● WORK TASK: Please copy exactly the lines that run from the start of the entries to the line containing "Mapa de relieve", inclusive.

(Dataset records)
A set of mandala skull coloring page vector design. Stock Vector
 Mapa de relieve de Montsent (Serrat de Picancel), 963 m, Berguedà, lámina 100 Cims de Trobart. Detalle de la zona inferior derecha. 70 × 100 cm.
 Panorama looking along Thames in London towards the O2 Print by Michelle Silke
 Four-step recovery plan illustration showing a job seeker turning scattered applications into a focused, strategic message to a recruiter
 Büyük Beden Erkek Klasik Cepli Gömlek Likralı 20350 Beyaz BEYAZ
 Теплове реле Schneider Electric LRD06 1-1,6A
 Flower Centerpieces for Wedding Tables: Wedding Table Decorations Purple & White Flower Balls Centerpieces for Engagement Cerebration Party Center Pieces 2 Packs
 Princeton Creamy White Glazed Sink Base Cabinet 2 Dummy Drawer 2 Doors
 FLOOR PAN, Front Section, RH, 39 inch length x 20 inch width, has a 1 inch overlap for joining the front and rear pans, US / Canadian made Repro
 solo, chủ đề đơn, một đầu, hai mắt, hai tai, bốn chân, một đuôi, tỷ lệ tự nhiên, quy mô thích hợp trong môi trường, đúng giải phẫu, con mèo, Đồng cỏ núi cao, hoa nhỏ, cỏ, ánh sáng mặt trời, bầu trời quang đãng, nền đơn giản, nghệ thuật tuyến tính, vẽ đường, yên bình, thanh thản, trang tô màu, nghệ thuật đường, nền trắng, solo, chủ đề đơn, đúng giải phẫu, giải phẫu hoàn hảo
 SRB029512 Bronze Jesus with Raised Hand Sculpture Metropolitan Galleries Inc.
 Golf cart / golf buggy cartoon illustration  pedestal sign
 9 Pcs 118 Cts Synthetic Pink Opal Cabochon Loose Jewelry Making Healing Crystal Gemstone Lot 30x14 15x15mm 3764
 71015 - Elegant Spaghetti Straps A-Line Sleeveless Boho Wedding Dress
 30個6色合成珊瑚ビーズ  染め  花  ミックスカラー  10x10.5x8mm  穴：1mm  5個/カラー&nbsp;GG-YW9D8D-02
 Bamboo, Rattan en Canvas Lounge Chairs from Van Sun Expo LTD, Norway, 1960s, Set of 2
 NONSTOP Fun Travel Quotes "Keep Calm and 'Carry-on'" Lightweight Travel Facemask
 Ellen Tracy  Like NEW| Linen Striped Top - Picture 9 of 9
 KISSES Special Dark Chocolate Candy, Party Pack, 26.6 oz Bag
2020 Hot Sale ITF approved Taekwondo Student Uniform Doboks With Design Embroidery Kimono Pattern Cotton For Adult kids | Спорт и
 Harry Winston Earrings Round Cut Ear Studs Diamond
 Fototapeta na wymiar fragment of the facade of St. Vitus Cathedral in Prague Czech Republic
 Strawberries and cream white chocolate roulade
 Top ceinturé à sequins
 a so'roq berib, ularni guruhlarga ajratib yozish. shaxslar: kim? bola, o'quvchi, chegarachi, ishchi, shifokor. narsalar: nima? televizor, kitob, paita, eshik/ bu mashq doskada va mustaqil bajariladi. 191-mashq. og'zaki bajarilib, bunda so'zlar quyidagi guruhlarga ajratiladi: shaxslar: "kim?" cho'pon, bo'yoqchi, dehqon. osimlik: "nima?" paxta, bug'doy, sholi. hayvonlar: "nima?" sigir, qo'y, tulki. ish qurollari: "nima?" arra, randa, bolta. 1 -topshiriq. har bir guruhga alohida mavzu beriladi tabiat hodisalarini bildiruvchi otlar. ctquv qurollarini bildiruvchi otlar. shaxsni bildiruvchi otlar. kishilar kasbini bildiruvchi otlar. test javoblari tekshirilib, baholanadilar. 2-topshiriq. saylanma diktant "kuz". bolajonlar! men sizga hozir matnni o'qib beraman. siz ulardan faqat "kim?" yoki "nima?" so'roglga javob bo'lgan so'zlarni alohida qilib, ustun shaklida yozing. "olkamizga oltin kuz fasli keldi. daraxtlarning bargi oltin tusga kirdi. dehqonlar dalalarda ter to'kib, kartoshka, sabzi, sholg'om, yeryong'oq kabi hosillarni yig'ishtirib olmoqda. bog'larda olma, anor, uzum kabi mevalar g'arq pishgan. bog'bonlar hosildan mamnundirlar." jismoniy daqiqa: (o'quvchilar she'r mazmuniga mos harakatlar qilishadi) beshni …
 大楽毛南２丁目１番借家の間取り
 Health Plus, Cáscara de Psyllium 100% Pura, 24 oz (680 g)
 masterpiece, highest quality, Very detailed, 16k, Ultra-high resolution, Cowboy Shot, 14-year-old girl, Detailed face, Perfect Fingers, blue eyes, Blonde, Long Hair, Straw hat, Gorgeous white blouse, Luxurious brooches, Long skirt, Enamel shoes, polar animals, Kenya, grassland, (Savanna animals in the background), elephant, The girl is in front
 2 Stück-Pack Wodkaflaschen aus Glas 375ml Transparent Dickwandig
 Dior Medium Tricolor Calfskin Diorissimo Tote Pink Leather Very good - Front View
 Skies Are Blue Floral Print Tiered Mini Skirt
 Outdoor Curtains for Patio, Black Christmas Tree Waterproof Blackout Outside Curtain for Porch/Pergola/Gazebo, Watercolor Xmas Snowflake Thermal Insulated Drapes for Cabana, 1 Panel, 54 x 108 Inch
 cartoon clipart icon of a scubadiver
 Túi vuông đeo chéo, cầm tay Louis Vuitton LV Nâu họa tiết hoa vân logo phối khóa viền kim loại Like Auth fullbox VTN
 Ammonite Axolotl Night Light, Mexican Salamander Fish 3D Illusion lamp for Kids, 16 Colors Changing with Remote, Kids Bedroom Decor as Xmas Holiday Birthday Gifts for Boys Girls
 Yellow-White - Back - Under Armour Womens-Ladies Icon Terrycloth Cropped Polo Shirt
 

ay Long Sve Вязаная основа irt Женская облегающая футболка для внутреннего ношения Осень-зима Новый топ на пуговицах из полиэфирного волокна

● TASK OUTPUT:
A set of mandala skull coloring page vector design. Stock Vector
 Mapa de relieve de Montsent (Serrat de Picancel), 963 m, Berguedà, lámina 100 Cims de Trobart. Detalle de la zona inferior derecha. 70 × 100 cm.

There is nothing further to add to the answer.